2 drwx------ 1 user staff 16384 Aug 21 11:43 ..
¿Realmente se llama "."?
@nohillside propuso delimitar las listas con x
y y
para ver si realmente se llama ".". Desde bash
:
bash-3.2$ for i in .*; do echo x${i}y; done
x.y
x.y
x..y
Parece que sí.
@fd0 sugirió imprimir caracteres no imprimibles con cat -vet
. Desde bash
:
bash-3.2$ ls -1a | cat -vet
.$
.$
..$
Nuevamente, parece que se llama de manera idéntica.
@nohillside sugirió ejecutar un servidor de Python desde el directorio y mostrar su lista de directorios:
¿Es "." realmente ese punto?
Podemos imprimir en octal para ver que es lo mismo que el punto que representa "este directorio":
bash-3.2$ ls -a | od -cb
0000000 . \n . \n . . \n
056 012 056 012 056 056 012
0000007
Además, el comportamiento reportado arriba de Finder debería indicar que se interpreta como ese punto.
Antecedentes adicionales
La carpeta está en un Volumen de red, formato SMB (OS X).
La herramienta que resultó en esto fue haplogrep
, una CLI basada en Java. Se puede instalar a través de Conda mediante
conda install -c conda-forge -c bioconda haplogrep
La suborden utilizada fue haplogrep classify
, que tiene las siguientes opciones:
mytmp % haplogrep classify
mtDNA Haplogroup Classifiction v2.4.0
https://github.com/seppinho/haplogrep-cmd
(c) Sebastian Schönherr, Hansi Weissensteiner, Lukas Forer, Dominic Pacher
sebastian.schoenherr@i-med.ac.at
[classify]
Opciones requeridas faltantes: '--input=', '--output=', '--format='
Uso: haplogrep classify [--chip] [--extend-report] [--rsrs]

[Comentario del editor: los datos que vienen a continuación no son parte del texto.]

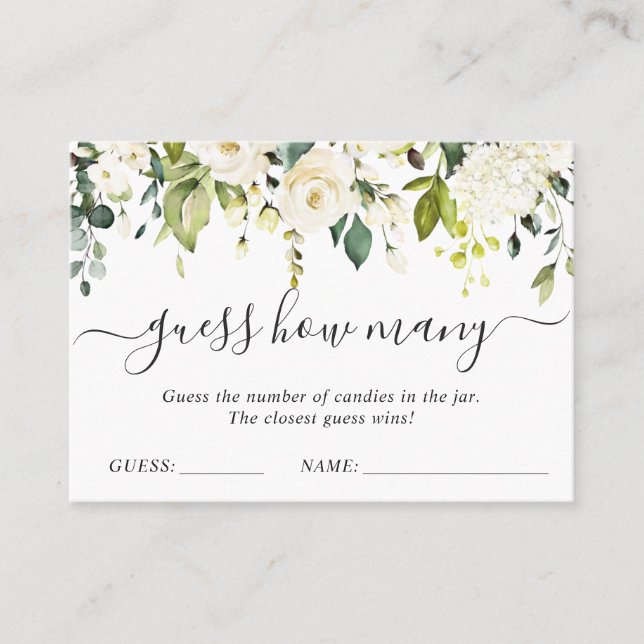 Cartão De Visita Elegante Eucalyptus Adivinha Quantas Cartas De Jog (Frente)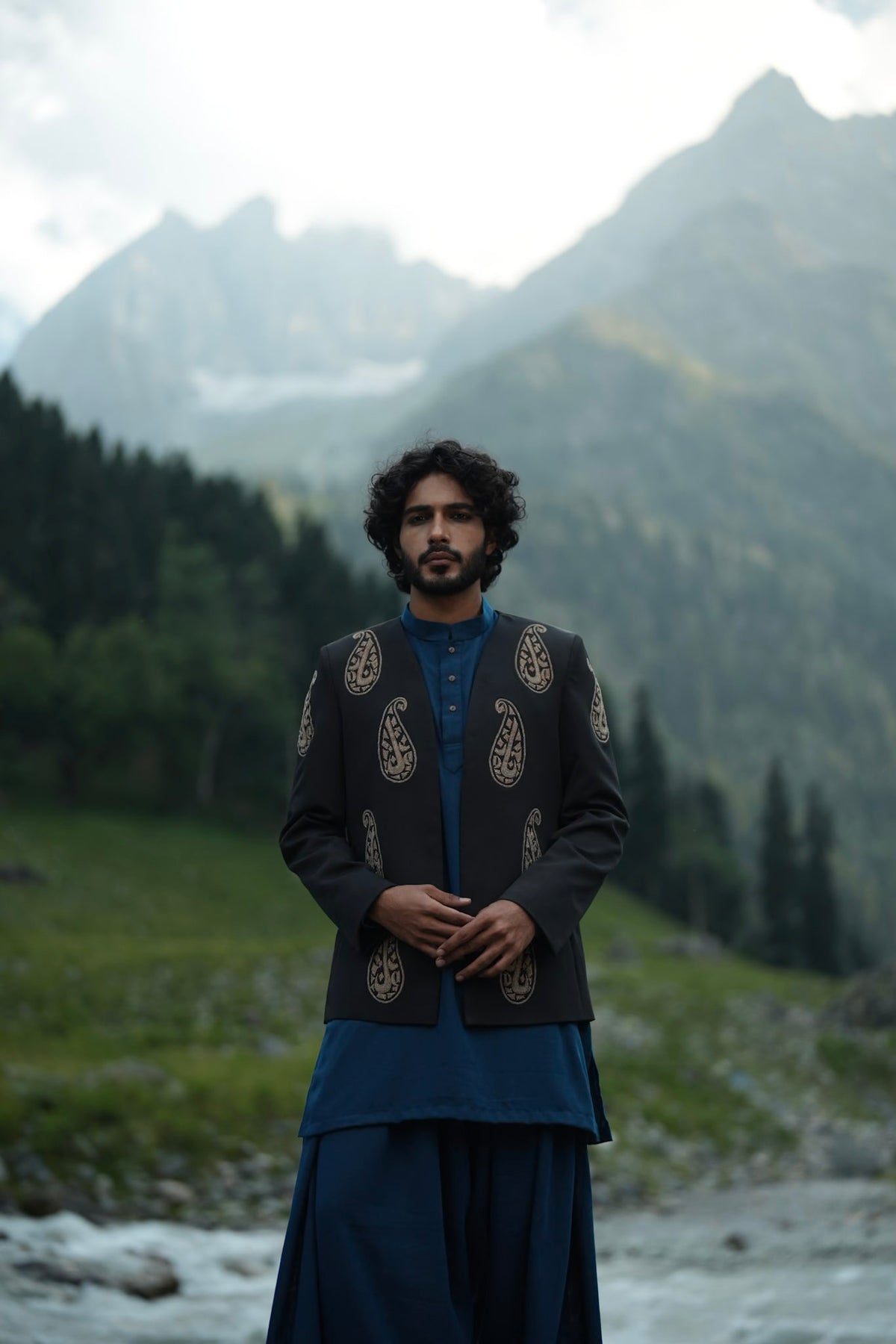 Blue Kurta Farshi Salwar with Black Tilla Embroidered Coat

[--skip-alignment-rules] [--write-fasta]
[--write-fasta-msa] --format=
[--hetLevel=] [--hits=] --in=
[--lineage=] [--metric=] --out=
[--phylotree=]
--chip Datos VCF de un chip de genotipo
Por defecto: false
--extend-report Agrega una bandera para una salida final extendida
Por defecto: false
--format= Especificar formato de archivo de entrada: vcf, fasta o hsd
--hetLevel= Agrega heteroplasmias con un nivel > X del archivo VCF
al perfil (por defecto: 0.9)
--hits= Calcular los mejores n resultados
--in, --input= Archivo de entrada VCF, fasta o hsd
--lineage= Exportar información de linaje como archivo de puntos, \n0=no
árbol, 1=con SNPs, 2=solo estructura, sin SNPs
--metric= Especificar otros métricos (hamming o jaccard) que
no sean el predeterminado (kulczynski)
--out, --output= Ubicación del archivo de salida
--phylotree= Especificar versión de phylotree
--rsrs Usar versión de RSRS
Por defecto: false
--skip-alignment-rules
Omitir arreglos de nomenglatura de mtDNA basados en reglas para
importación de FASTA
Por defecto: false
--write-fasta Escribir resultados en formato fasta
Por defecto: false
--write-fasta-msa Escribir alineación múltiple de secuencias (_MSA.fasta)
Por defecto: false
Interpreté incorrectamente la descripción de "Ubicación del archivo de salida" del argumento --out
como que pedía una ruta, lo que me llevó a usar --out .
y así resultar en la creación de un archivo llamado ".".
Cambio de nombre
El archivo mismo no se puede cambiar de nombre en Finder o con mv
, sin embargo, la carpeta que lo contiene se puede cambiar de nombre.